Debbie can't muster up anything to say to that, and then Parker's out the door, her footsteps shuffling down the step.
"Well," Lou says, "Isn't that just a fuck and a half."
"Oh, and one more thing," Parker says, coming out of the kitchen. Debbie tries very hard not to scream and thinks she does a credible job; Lou grips her shoulder so hard she's sure she'll bruise.
"What the hell," Debbie says.
"I was following you today, watching your methods, and." Parker frowns, hesitating. That's interesting; up until this moment, everything she's said has been prepared, collected, confident. She's ad-libbing now, Debbie's sure of it. "And I just wanted to say. You might not think you can have what you want. People might tell you that mixing business - our business - with pleasure doesn't work. Or, y'know. Don't shit where you eat, Parker." This last clearly an impression of someone Debbie doesn't know. Parker snorts a laugh, then continues. "But you can have what you want. It'll make you stronger, not weaker. Even if you don't come by the poodle shop, maybe think about that."
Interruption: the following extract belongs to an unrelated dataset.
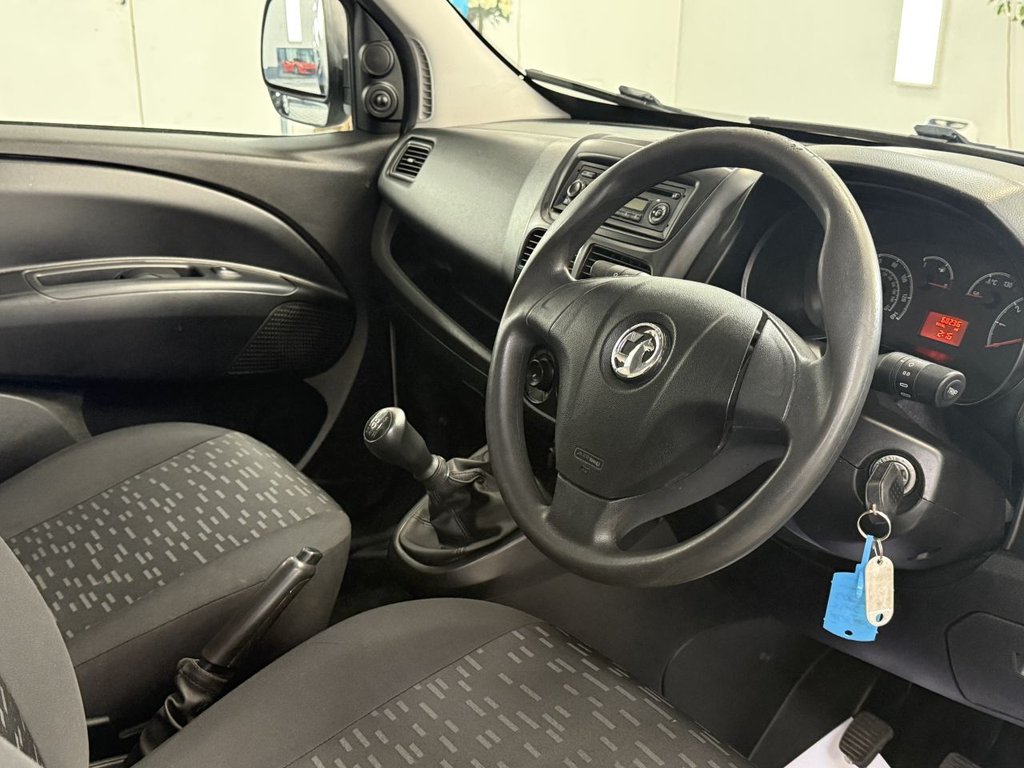 USED 2015 15 VAUXHALL COMBO 1.3 CDTi 2300 ecoFLEX 16v Sportive Panel Van 3dr Diesel Manual FWD L2 H1 (s/s) (129 g/km, 89 bhp)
"All right," Debbie says slowly. She's painfully aware of Lou's presence, the shape and solidity of her off to Debbie's side, but she's not going to air her business in front of a stranger.
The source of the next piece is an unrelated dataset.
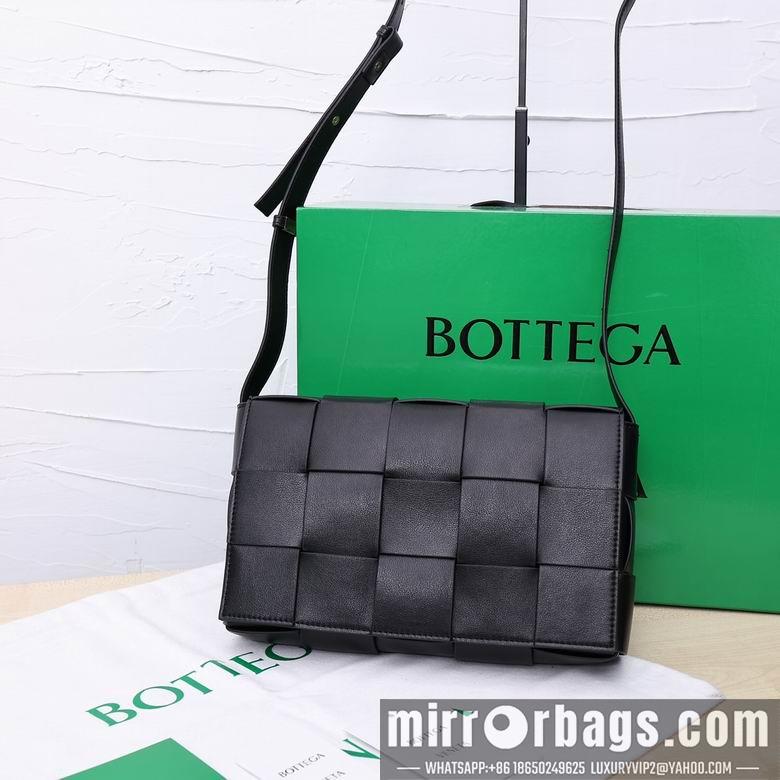 Bottega Veneta Replica Bags Cassette 3030 26X8X18cm XMY 9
"Okay. Okay, well, bye." She goes out the same door she did before, and Lou eyes the rest of the house warily for a few long moments, clearly worried she'll pop up again.
"Well, my curiosity's piqued," Lou drawls, eventually. Debbie laughs, letting her head hang down for a second, feeling some of the tension drain.
"Yeah? You wanna go by the poodle shop?"
"Oh, I'm definitely interested in going by the poodle shop."
"Sounds so dirty," Debbie muses. "I don't even know why."
"Poodles are pussy metaphors for some reason," Lou explains.
Debbie chews her lip for a second. "You think, uh, you think she's got something going on with her crew? The way she was talking at the end there."
"Sounded like it."
"You and I, we used to," Debbie begins, then doesn't finish the sentence. They used to do a lot of things, and the history is so rich between them that there's no one verb that would fill in for their time together.
"We did," Lou agrees. She turns toward Debbie for the first time since Parker left, looking her up and down. "Do you think that? You shouldn't shit where you eat?"
"I mean, only in the literal sense, not necessarily as relationship advice. I thought—but I thought you'd think, what with Claude and everything . . . " she spreads her hands.
"Claude was a piece of shit and you should never have hooked up with him in the first place." Lou's vehemence is strangely soothing. Debbie's been waiting for her to get mad about Claude for years.
"Yeah, well. I staged an elaborate heist and frame job with the sole purpose of proving to you that I finally figured that out, so. I hope that's apology enough."
Lou cocks her head. "I didn't need an apology, Debs. I came to pick you up."
"Yeah, you did. You've always been the one who did that. Even today."
Lou inches closer, and Debbie smiles, almost laughing. "So, what you're saying is," Lou murmurs, pushing Debbie's hair back from her face, "you'd like to both eat and shit with me."
"Really sexy, Lou, I can't imagine wh - " she's cut off by Lou's mouth, pressed against hers, doing every filthy thing that Debbie remembers perfectly and fantasized about for over five years.
"Let's be robin hoods," Lou breathes, when they finally part.
"Sounds good to me," Debbie grins, and captures her mouth again.